*PROBLEM TO SOLVE*
Please go line by line and repeat the data below exactly, with no images.

--

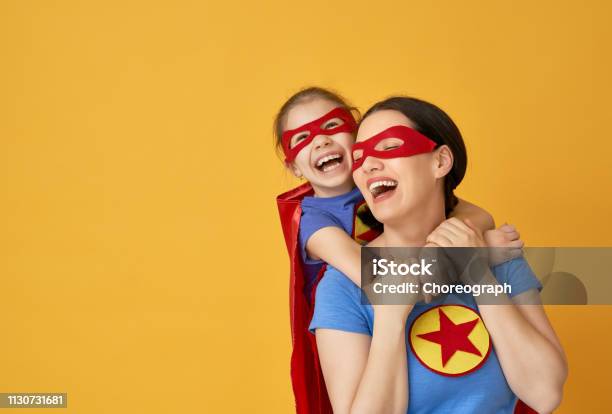 Girl And Mom In Superhero Costume Stock Photo - Download Image Now - Superhero, Mother, Child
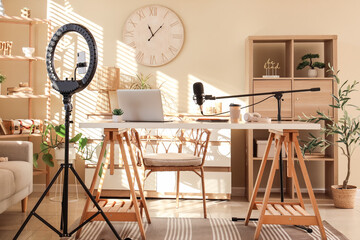 Interior of blogger's office with workplace, laptop, lamp and microphone on wooden table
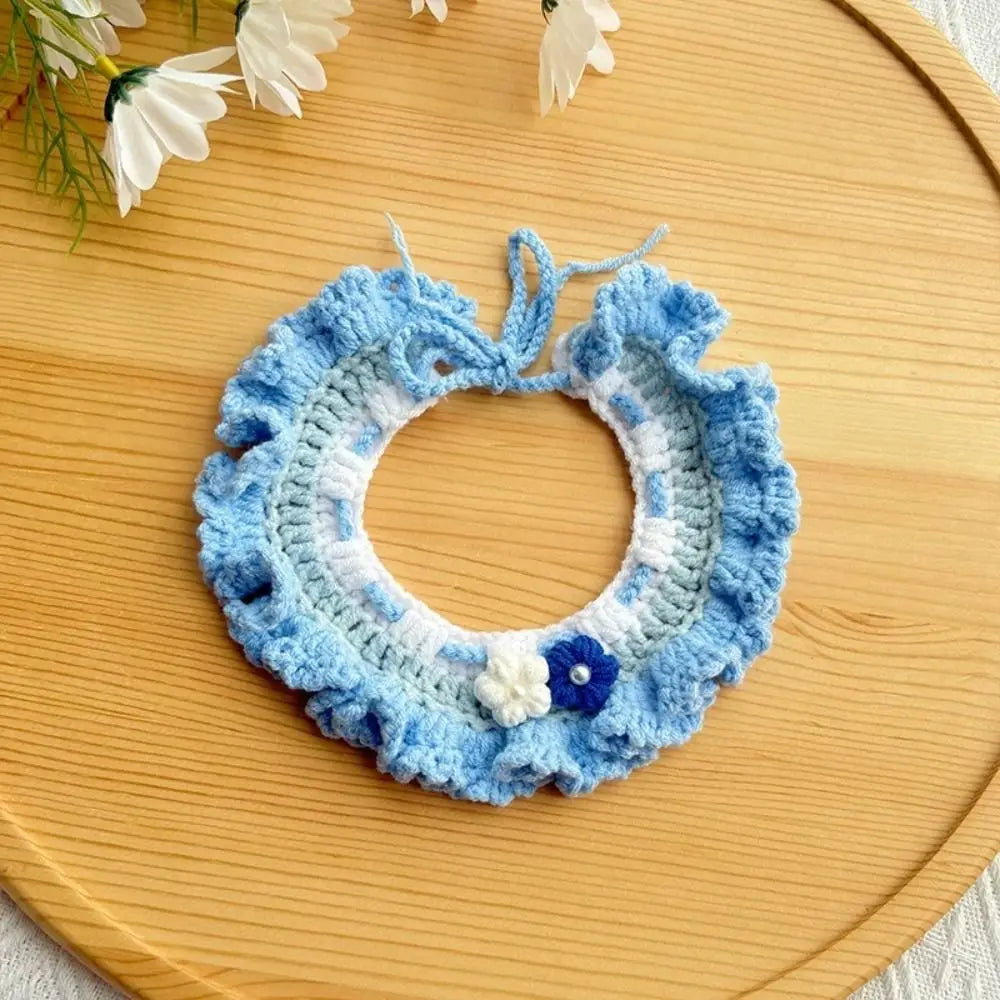 Blue crocheted pet scarf bib with white trim and flower accents, round collar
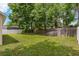Large backyard with grassy area and privacy fence at 12814 Cattail Shore Ln, Riverview, FL 33579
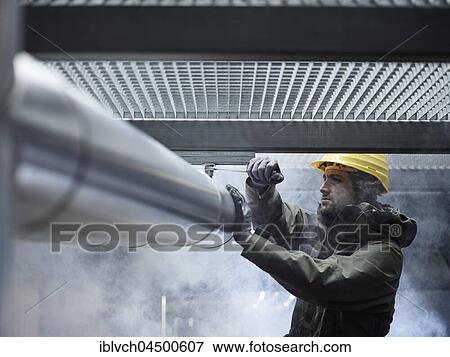 Mechanic, technician fixing mount of a pipeline, Austria, Europe View Large Photo Image Stock Photo - Mechanic, technician fixing mount of a pipeline, Austria, Europe. Fotosearch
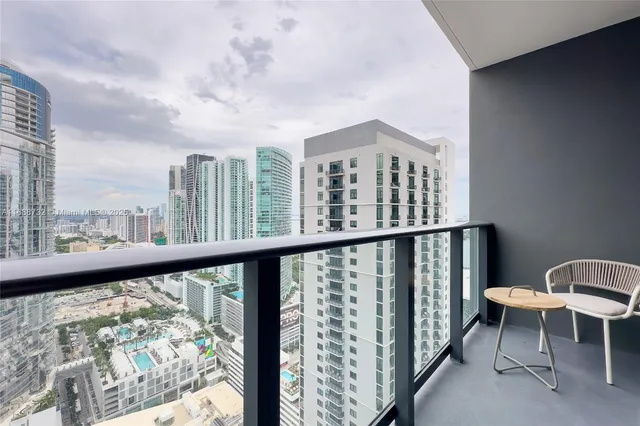 a view of a city with tall buildings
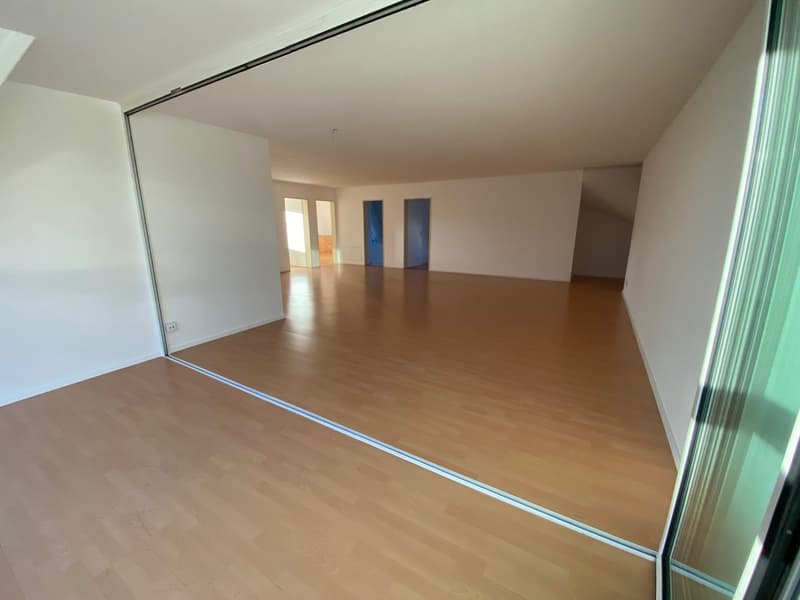 large empty room, wooden floor, white walls, large glass door leading to balcony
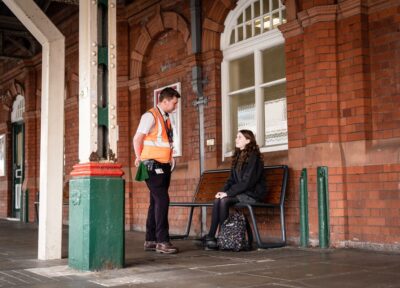 A member of staff from the rail industry wearing an orange hi-vis jacket stood next and talking to a teenage girl who is wearing dark clothing and sat on a bench at a railway station in the UK.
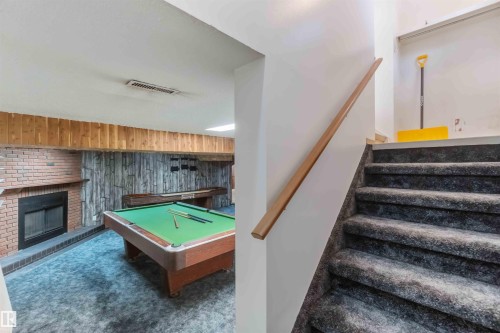 4130 134A Avenue, Edmonton, AB - Indoor Photo Showing Other Room With Fireplace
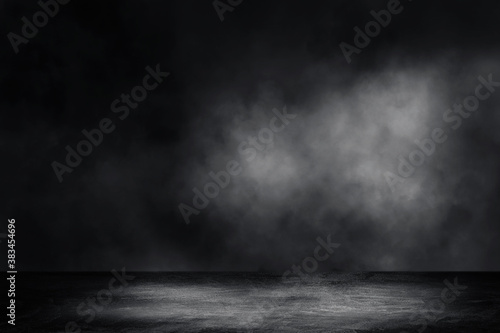 Empty space of Concrete floor grunge texture background with fog or mist and lighting effect.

--

*REPLY TO THE EXERCISE*
 Girl And Mom In Superhero Costume Stock Photo - Download Image Now - Superhero, Mother, Child
 Interior of blogger's office with workplace, laptop, lamp and microphone on wooden table
 Blue crocheted pet scarf bib with white trim and flower accents, round collar
Large backyard with grassy area and privacy fence at 12814 Cattail Shore Ln, Riverview, FL 33579
 Mechanic, technician fixing mount of a pipeline, Austria, Europe View Large Photo Image Stock Photo - Mechanic, technician fixing mount of a pipeline, Austria, Europe. Fotosearch
 a view of a city with tall buildings
 large empty room, wooden floor, white walls, large glass door leading to balcony
 A member of staff from the rail industry wearing an orange hi-vis jacket stood next and talking to a teenage girl who is wearing dark clothing and sat on a bench at a railway station in the UK.
 4130 134A Avenue, Edmonton, AB - Indoor Photo Showing Other Room With Fireplace
 Empty space of Concrete floor grunge texture background with fog or mist and lighting effect.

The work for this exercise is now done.